Через несколько лет после смерти Владимира Семеновича вышел следующий фильм Сергея Тарасова – «Легенда о доблестном рыцаре Айвенго» (1982), в который вошли все баллады из фильма о Робин Гуде. Режиссер добился этого, хотя по сценарию песни не были предусмотрены. Картина стала лидером проката: ее посмотрели 25 миллионов человек только в кинотеатрах – практически все население, которое в состоянии было пойти в кино, сходило на этот фильм.
Хотелось бы вспомнить и еще одно замечательное стихотворение Высоцкого, связанное с «Гамлетом», в котором он как бы всю свою жизнь оценивает, все свое творчество. А насколько важно это стихотворение, можно судить по тому единственному сборнику стихов Высоцкого, который удалось в советские годы издать Роберту Рождественскому.

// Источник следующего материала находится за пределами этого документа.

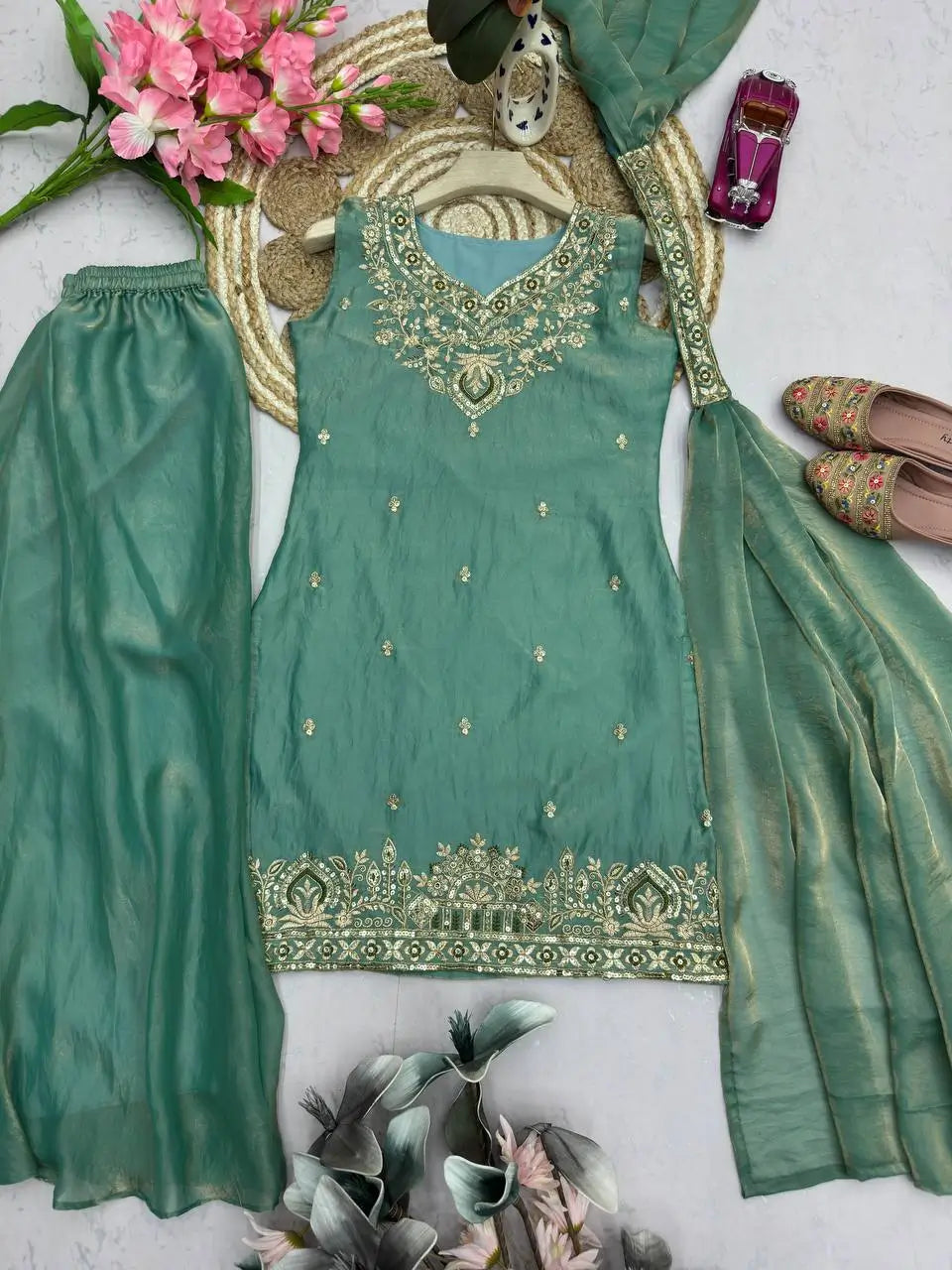 Heavy Two Tone Fandy Silk Embroidered Sharara Set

Сборник назывался «Нерв» – как раз по заглавию этого стихотворения:
Мне судьба – до последней черты, до креста,
Спорить до хрипоты, а за ней – немота,
Убеждать и доказывать с пеной у рта,
Что не то это всё, и не тот, и не та…
Что лабазники врут про ошибки Христа,
Что пока еще в грунт не влежалась плита.
Что под властью татар жил Иван Калита
И что был не один против ста.
Триста лет под татарами – жизнь еще та,
Маета трехсотлетняя и нищета.
И намерений добрых, и бунтов тщета,
Пугачевщина, кровь, и опять – нищета.
Пусть не враз, пусть сперва не поймут ни черта,
Повторю, даже в образе злого шута…
Но не стоит предмет, да и тема не та:
«Суета всех сует – все равно суета».
Только чашу испить – не успеть на бегу,
Даже если разлить – все равно не смогу.
Или выплеснуть в наглую рожу врагу?
Не ломаюсь, не лгу – не могу. Не могу!
На вертящемся гладком и скользком кругу
Равновесье держу, изгибаюсь в дугу!
Что же с ношею делать – разбить? Не могу!

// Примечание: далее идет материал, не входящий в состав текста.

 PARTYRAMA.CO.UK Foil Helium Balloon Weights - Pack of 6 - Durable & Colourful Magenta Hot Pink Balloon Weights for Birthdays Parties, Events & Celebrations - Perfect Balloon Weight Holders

Потерплю и достойного подстерегу.
Передам, и не надо держаться в кругу –
И в кромешную тьму, и в неясную згу,
Другу передоверивши чашу, сбегу…
Смог ли он ее выпить – узнать не смогу.
Я с сошедшими с круга пасусь на лугу,
Я о чаше невыпитой здесь ни гугу,
Никому не скажу, при себе сберегу.
А сказать – и затопчут меня на лугу.
Я до рвоты, ребята, за вас хлопочу.
Может, кто-то когда-то поставит свечу
Мне за голый мой нерв, на котором кричу,
За веселый манер, на котором шучу.
Даже если сулят золотую парчу
Или порчу грозят напустить – не хочу!
На ослабленном нерве я не зазвучу,
Я уж свой подтяну, подновлю, подвинчу!
Лучше я загуляю, запью, заторчу!
Все, что за ночь кропаю, – в чаду растопчу!
Лучше голову песне своей откручу,
Чем скользить и вихлять, словно пыль по лучу.

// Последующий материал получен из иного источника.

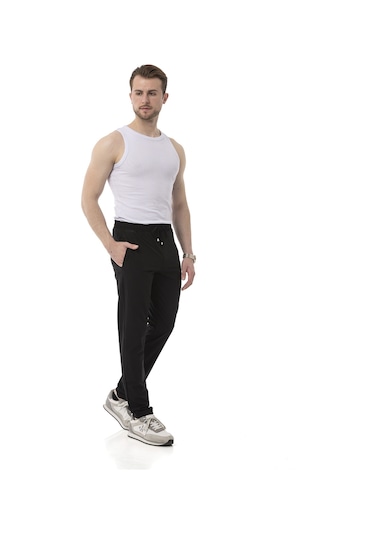 Monox Erkek Slim Fit Likralı Jogger Pantolon Siyah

Если все-таки чашу испить мне судьба,
Если музыка с песней не слишком груба,
Если вдруг докажу, даже с пеной у рта, –
Я уйду и скажу, что не все суета!
Здесь речь о той чаше Гефсиманской.
Вот это, мне кажется, он всю жизнь хотел донести до своих ходящих во тьме соотечественников, современников, сограждан: не все суета в этой жизни. «Суета сует» – это из книги Экклезиаста. Как видим, царь Соломон подарил Высоцкому двумя своими учительными книгами две потрясающие песни – «Балладу о любви» и эту.
Я надеюсь, что те, кто любит Владимира Семеновича, не забудут поставить свечу хотя бы в дни его памяти.